[Stored entries]
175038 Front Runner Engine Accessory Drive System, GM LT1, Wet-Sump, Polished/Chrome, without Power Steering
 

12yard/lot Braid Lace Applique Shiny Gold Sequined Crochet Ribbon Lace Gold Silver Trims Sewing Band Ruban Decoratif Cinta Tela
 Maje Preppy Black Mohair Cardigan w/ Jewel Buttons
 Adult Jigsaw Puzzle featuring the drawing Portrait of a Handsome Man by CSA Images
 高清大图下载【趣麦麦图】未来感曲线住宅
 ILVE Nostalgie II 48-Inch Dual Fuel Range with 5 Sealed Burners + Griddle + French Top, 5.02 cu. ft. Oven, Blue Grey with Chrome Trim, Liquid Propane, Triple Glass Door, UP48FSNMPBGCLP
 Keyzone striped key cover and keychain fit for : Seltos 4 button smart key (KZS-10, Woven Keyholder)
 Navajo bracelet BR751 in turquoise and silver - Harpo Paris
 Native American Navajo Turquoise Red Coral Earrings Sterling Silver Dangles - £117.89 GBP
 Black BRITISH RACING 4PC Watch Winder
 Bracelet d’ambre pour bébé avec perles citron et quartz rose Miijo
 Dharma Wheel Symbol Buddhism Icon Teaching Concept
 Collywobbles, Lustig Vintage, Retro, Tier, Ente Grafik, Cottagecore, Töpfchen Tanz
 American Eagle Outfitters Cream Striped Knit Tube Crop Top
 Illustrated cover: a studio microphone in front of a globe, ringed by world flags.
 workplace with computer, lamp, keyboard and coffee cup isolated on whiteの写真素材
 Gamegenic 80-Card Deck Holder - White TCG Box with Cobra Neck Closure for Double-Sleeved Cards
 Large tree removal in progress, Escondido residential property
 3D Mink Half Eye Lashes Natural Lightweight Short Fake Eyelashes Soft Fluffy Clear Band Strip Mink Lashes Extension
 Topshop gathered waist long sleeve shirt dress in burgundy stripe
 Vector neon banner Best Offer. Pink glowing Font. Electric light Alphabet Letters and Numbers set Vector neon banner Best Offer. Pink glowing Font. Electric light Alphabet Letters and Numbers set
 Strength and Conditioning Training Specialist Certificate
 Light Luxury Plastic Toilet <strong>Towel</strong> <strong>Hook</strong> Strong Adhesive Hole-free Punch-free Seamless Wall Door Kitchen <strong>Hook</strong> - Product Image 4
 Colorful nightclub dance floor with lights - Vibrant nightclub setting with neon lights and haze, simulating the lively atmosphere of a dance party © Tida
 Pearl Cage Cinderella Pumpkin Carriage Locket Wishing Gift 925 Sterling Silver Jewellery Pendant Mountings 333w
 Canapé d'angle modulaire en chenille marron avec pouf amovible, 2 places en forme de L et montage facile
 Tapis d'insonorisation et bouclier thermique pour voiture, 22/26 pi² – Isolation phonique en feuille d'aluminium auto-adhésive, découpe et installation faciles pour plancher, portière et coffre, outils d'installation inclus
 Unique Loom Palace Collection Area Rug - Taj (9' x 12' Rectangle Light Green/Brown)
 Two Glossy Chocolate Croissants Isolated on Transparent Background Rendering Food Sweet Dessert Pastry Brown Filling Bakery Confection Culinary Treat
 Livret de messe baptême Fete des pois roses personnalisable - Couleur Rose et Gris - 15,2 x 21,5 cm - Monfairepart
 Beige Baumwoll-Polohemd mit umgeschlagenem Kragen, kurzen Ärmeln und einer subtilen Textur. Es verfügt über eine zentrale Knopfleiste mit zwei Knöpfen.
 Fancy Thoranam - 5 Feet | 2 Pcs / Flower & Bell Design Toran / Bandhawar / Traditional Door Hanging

> Problem details:
The lines above, starting at the one with "American Eagle Outfitters" and ending at the one with "Topshop gathered waist", are the only ones to return, exactly as written.

> Answer section:
 American Eagle Outfitters Cream Striped Knit Tube Crop Top
 Illustrated cover: a studio microphone in front of a globe, ringed by world flags.
 workplace with computer, lamp, keyboard and coffee cup isolated on whiteの写真素材
 Gamegenic 80-Card Deck Holder - White TCG Box with Cobra Neck Closure for Double-Sleeved Cards
 Large tree removal in progress, Escondido residential property
 3D Mink Half Eye Lashes Natural Lightweight Short Fake Eyelashes Soft Fluffy Clear Band Strip Mink Lashes Extension
 Topshop gathered waist long sleeve shirt dress in burgundy stripe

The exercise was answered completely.